── EXERCISE INPUT

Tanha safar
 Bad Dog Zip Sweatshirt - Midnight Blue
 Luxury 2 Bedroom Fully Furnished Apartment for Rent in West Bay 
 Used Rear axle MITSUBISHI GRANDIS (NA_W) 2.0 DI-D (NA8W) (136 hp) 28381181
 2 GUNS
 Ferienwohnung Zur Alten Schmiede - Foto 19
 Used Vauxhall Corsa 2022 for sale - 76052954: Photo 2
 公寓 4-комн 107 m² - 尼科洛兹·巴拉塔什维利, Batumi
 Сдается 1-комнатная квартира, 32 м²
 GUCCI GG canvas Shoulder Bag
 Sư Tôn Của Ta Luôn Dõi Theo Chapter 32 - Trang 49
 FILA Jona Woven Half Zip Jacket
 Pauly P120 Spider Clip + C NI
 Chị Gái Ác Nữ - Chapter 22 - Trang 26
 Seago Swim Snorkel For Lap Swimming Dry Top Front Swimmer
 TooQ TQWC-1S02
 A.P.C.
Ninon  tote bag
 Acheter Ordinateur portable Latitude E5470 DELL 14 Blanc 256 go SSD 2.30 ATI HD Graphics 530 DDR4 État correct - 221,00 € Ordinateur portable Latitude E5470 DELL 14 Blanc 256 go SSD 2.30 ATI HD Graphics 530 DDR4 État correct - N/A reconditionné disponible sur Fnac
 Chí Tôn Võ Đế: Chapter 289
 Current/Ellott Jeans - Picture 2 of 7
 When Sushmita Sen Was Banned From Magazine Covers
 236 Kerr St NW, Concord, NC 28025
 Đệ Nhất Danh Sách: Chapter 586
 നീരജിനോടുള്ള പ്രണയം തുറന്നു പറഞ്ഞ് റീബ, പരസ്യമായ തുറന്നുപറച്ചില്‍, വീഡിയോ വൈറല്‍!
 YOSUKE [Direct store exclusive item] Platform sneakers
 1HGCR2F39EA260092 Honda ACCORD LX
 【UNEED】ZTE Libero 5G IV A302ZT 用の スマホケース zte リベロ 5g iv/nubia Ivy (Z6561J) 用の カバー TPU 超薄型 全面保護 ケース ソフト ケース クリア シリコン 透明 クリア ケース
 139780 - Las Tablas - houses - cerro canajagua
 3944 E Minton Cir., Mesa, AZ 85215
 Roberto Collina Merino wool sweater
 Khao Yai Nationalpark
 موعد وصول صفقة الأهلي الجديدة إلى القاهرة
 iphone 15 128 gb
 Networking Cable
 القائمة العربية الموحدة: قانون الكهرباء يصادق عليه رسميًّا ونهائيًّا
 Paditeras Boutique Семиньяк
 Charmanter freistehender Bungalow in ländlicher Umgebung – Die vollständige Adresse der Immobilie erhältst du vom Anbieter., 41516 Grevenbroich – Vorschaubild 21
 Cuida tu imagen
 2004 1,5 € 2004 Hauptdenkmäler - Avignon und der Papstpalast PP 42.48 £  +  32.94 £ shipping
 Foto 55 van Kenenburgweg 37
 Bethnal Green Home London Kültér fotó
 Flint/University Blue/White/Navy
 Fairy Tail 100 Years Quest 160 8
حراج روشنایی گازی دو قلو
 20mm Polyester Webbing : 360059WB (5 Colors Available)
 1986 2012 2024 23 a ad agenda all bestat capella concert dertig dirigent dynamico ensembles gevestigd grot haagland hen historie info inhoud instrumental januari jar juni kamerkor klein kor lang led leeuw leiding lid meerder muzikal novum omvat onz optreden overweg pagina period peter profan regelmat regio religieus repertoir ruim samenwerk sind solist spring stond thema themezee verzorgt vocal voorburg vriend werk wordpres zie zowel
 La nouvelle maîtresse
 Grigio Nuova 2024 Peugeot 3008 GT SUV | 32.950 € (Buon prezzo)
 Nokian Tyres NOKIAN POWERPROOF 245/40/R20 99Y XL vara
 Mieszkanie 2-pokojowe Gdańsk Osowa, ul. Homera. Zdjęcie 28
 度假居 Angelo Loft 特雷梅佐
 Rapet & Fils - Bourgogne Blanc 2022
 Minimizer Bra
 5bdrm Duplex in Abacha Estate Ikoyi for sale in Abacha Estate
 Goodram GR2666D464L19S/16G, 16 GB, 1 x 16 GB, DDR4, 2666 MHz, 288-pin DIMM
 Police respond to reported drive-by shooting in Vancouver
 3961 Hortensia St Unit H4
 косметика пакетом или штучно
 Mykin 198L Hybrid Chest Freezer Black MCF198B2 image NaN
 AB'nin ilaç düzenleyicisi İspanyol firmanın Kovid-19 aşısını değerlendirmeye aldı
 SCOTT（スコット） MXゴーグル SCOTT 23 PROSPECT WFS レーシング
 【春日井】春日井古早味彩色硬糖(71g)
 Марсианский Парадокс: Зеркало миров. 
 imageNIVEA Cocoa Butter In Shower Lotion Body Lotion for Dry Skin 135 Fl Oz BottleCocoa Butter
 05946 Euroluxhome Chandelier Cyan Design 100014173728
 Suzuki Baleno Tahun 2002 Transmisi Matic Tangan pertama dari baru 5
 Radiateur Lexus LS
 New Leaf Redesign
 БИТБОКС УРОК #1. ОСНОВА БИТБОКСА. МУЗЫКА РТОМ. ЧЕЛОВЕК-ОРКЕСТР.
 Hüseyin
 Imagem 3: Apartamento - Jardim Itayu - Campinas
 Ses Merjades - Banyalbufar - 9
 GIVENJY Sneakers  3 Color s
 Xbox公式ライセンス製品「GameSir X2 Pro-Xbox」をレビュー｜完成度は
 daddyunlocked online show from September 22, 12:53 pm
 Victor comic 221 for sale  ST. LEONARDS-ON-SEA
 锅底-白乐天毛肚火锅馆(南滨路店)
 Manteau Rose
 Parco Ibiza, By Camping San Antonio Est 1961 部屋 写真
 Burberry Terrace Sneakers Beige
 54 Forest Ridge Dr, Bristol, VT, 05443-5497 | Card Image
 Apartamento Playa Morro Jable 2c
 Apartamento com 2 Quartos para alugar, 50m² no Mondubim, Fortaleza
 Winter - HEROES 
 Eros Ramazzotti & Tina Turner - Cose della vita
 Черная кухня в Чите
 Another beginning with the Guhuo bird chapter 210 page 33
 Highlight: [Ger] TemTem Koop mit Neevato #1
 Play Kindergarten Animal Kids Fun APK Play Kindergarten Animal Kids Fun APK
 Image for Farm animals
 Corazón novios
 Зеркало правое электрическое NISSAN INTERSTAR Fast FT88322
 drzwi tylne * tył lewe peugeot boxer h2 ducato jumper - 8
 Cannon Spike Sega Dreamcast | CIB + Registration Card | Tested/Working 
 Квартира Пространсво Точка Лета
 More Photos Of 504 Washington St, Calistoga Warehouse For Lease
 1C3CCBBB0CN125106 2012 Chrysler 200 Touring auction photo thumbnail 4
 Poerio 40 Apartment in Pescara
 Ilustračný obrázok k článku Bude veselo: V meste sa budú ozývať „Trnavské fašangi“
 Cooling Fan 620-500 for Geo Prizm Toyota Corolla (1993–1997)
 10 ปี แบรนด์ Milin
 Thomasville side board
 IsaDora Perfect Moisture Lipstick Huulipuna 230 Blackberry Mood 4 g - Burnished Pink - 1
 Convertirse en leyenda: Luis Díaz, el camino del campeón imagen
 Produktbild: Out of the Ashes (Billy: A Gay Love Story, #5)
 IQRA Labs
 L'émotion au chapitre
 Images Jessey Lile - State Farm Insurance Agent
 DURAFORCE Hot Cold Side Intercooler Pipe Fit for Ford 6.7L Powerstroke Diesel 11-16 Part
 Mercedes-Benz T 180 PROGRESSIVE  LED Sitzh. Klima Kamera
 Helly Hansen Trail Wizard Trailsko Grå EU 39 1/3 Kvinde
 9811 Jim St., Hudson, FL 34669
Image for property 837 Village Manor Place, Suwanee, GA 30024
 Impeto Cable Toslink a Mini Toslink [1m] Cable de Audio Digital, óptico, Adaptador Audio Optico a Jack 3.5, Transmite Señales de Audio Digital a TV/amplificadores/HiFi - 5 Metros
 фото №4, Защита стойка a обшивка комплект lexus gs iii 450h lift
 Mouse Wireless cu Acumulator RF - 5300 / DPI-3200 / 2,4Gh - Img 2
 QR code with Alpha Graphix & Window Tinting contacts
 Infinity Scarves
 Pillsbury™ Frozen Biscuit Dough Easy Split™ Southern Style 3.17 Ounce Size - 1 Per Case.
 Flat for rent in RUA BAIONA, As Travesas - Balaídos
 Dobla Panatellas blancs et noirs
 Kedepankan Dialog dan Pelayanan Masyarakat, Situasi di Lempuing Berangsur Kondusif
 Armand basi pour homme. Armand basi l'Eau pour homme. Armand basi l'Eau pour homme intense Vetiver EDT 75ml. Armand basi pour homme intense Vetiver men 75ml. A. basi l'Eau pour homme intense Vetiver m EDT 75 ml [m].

────

> [WHAT THIS TASK INVOLVES] Would you report every line of the entries above containing the word "Card"?

> [EXERCISE SOLUTION]
 54 Forest Ridge Dr, Bristol, VT, 05443-5497 | Card Image
 Cannon Spike Sega Dreamcast | CIB + Registration Card | Tested/Working 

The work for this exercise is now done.